• _WHAT IS REQUIRED_
In the listing below, the lines starting at the line with "Miu Miu Medium-Weight" and ending at the line with "1 - Coffret" are to be output verbatim. Images stay out of the copy.

• _SUPPLIED RECORDS_
<<<<
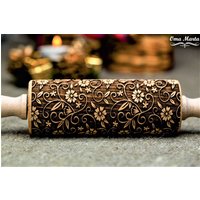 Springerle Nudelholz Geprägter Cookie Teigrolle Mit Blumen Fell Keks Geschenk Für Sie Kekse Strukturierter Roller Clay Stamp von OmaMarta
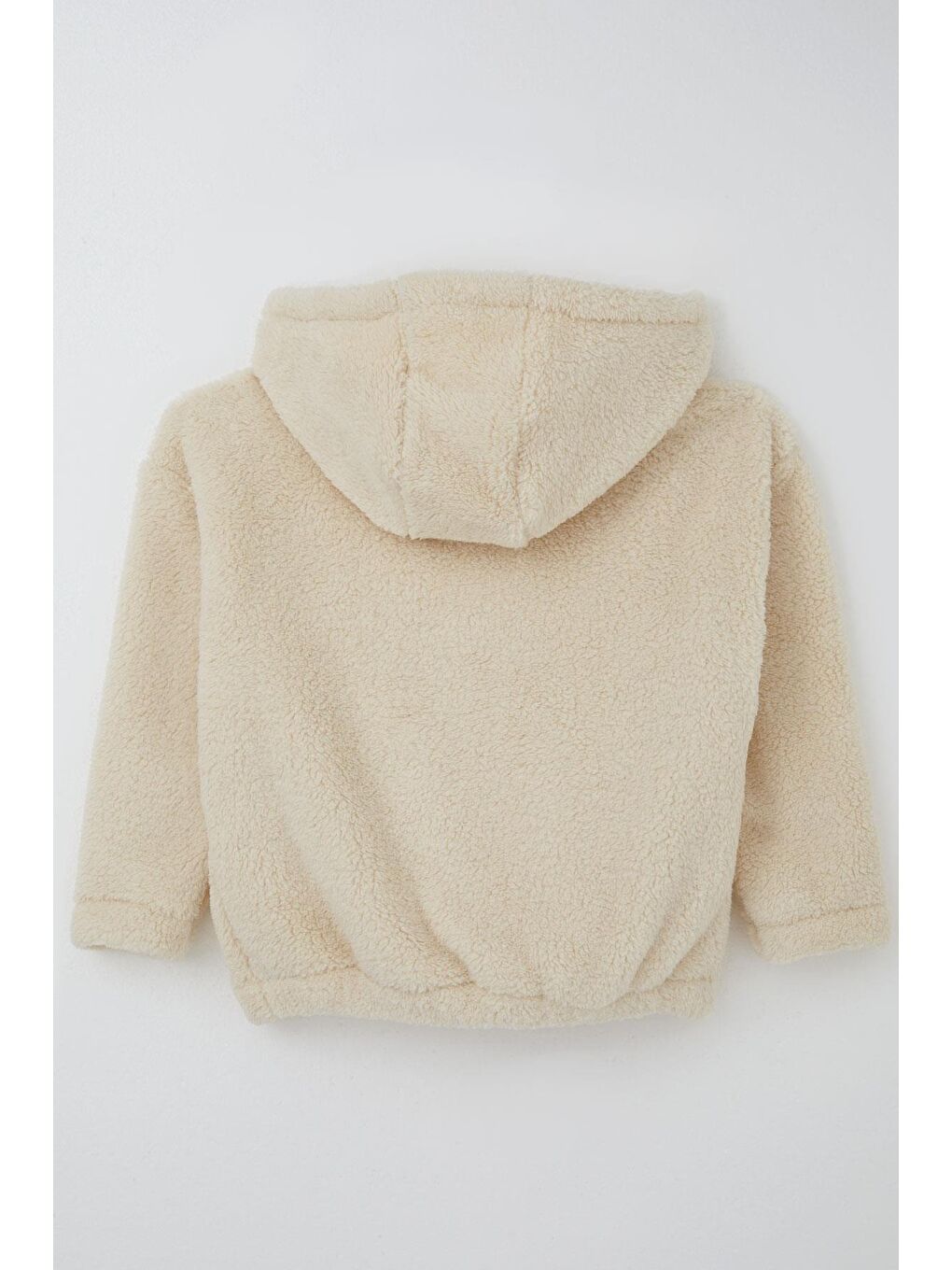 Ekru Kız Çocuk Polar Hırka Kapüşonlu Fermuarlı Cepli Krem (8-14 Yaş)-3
>>>>
<<<<
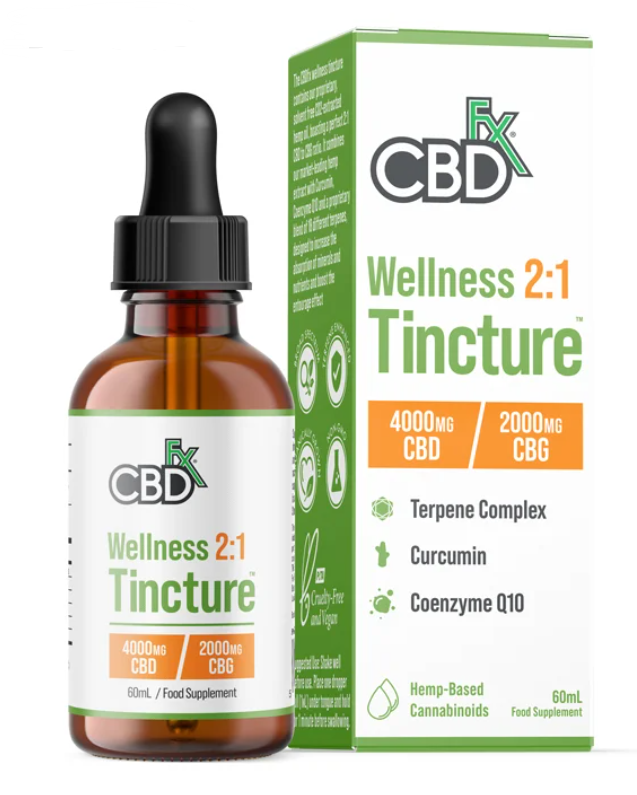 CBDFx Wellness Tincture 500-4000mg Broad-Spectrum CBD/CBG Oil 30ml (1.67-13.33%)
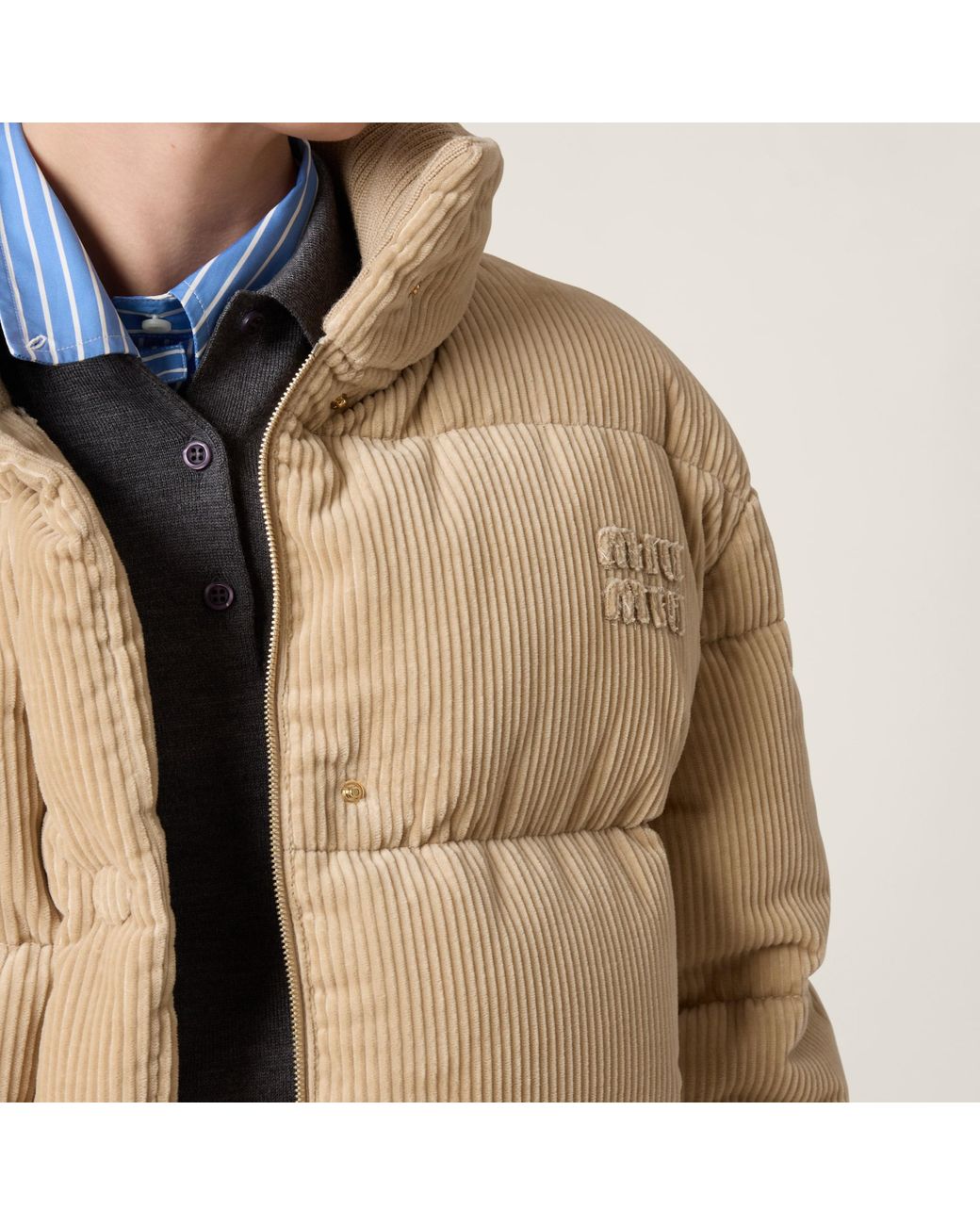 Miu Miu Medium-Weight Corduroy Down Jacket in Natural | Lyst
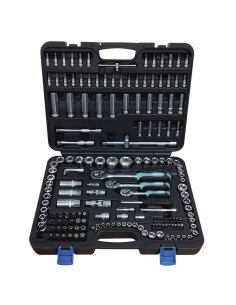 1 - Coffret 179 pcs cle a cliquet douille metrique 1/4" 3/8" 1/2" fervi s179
>>>>
• _RESPONSE TO THE TASK_
 Miu Miu Medium-Weight Corduroy Down Jacket in Natural | Lyst
 1 - Coffret 179 pcs cle a cliquet douille metrique 1/4" 3/8" 1/2" fervi s179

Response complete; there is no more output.